Submitted to: Phytopathology
Publication Type: Peer Reviewed Journal
Publication Acceptance Date: 8/14/1996
Publication Date: N/A
Citation: N/A

Interpretive Summary: The loss of apple fruit in storage is substantial due to decay caused by postharvest pathogens. Although fungicides can effectively control many of these pathogens, public concerns about health and environmental impact may limit their future application. To reduce storage losses and provide a continued source of plentiful food for the consumer, a better understanding gof the mechanism by which postharvest fungal pathogens decay fruit is important in order to develop alternate methods of control. The results of this research indicate that there is only one isozyme of polygalacturonase, a cell wall degrading enzyme produced by Penicillium expansum, the most important postharvest apple pathogen, present in decayed apple fruit. We have purified and characterized this enzyme and are now seeking naturally occurring proteins in the apple fruit which may inhibit the activity of this enzyme. If we can then genetically overexpress this inhibitory protein, it could be used as an alternate method to control postharvest diseases. Apple packing and storage facilities may then be able to reduce the amount of fungicides used to maintain fruit quality in storage.
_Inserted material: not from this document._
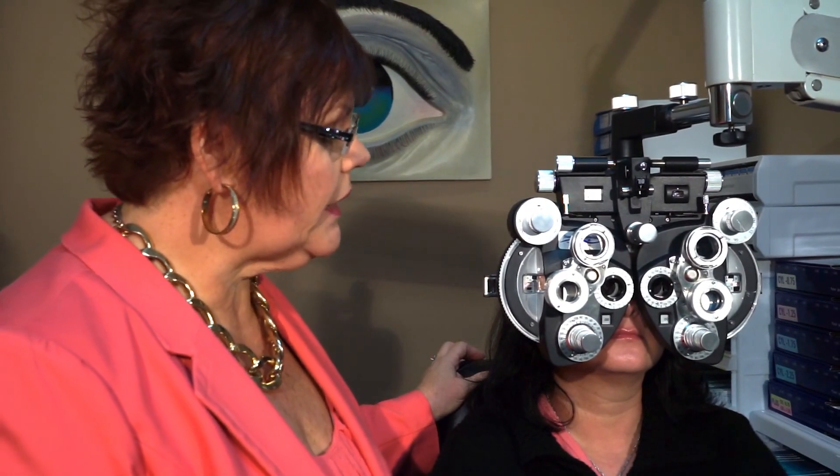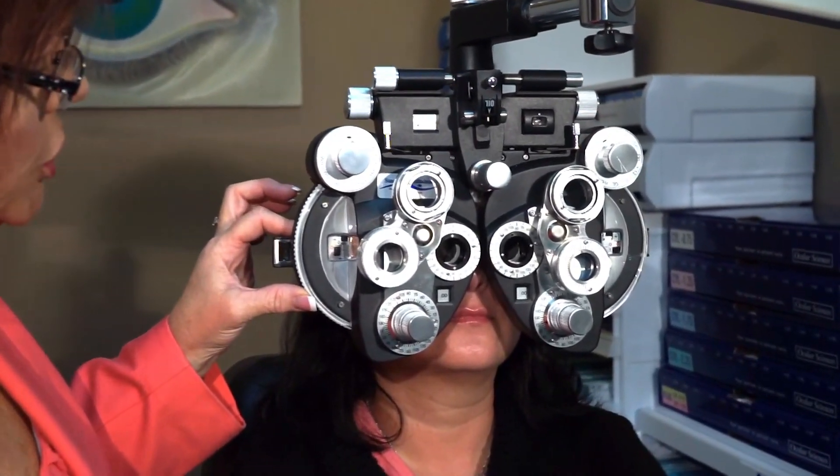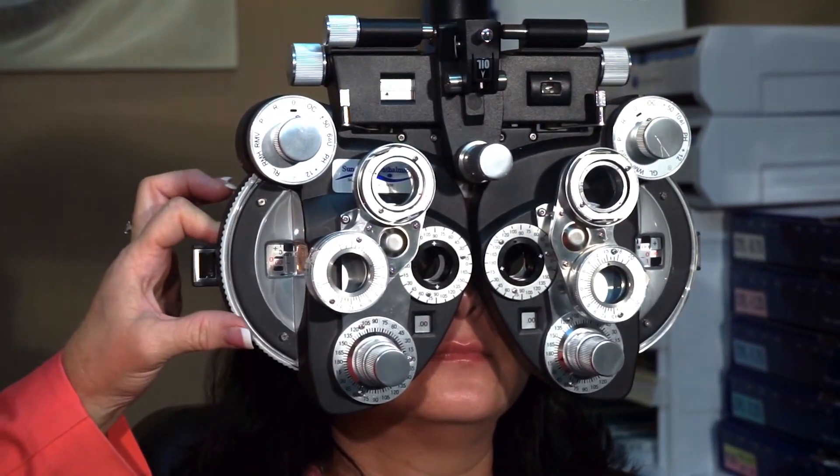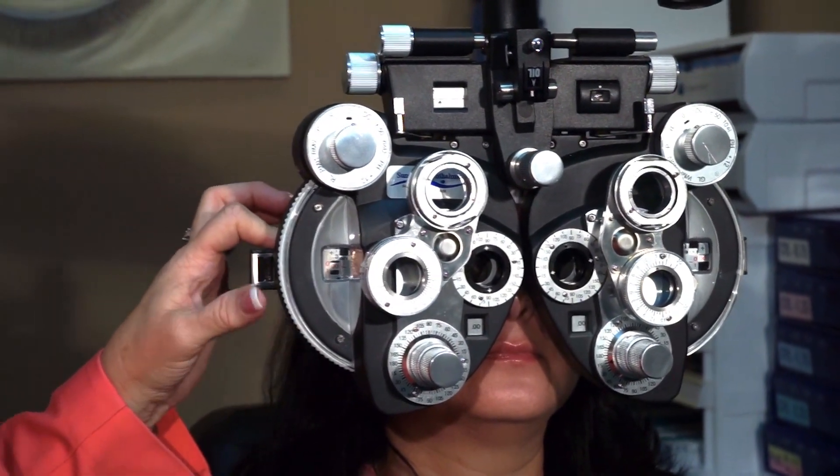I'm going to show you two lenses and I want you to tell me which of these lenses makes the letters the sharpest and the clearest. I'm going to start by offering her sphere in half-diopter increments, offering her more plus sphere first to relax her accommodation. I'm going to determine the most amount of plus or the least amount of minus sphere that she perceives to be clearest. Sharper and clearer with lens one or lens two? One. Lens three or lens four? Three. So I offered her more plus sphere and she rejected it, and I offered her more minus sphere and she rejected it. So I'm going to leave her at Plano.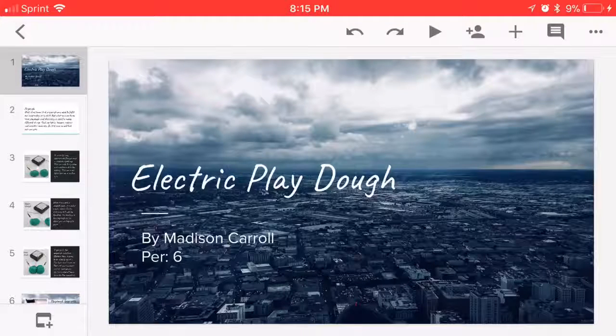What's going on, 6th period, it's Madison, and this is my presentation about Electric Playdough.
Technical Abstract: A polygalacturonase (PG) was purified from rotted cortical tissue of 'Golden Delicious' apple fruit inoculated with Penicillium expansum. The purified protein had a pI of 8.10 and a molecular mass of 34 kDa. The PG was heat labile and most active at pH 5.5. There were no detectable O- or N-linked glycans associated with the PG polypeptide. The purified enzyme macerated apple tissue in situ and in vitro. PG activity was not affected by purified apple polygalacturonase-inhibiting protein (PGIP). Based on the amino acid sequences determined, three degenerate oligonucleotides were synthesized and used as primers to amplify the flanking regions on the fungal genome by polymerase chain reaction (PCR). Amino acid sequences predicted from the cloned PCR products matched perfectly with the determined amino acid sequences, indicating the fungal origin of purified PG.